WHAT IS BEING ASKED:
Could you repeat the listing exactly, leaving out the pictures?

INFORMATION SHOWN:
--

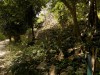 Filename=201802091217-00157-DSCN5560.jpg
Filesize=543KiB
Dimensions=1280x960
Date added=Mar 30, 2021 201802091217-00157-DSCN5560.jpg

--

REPLY:
 Filename=201802091217-00157-DSCN5560.jpg
Filesize=543KiB
Dimensions=1280x960
Date added=Mar 30, 2021 201802091217-00157-DSCN5560.jpg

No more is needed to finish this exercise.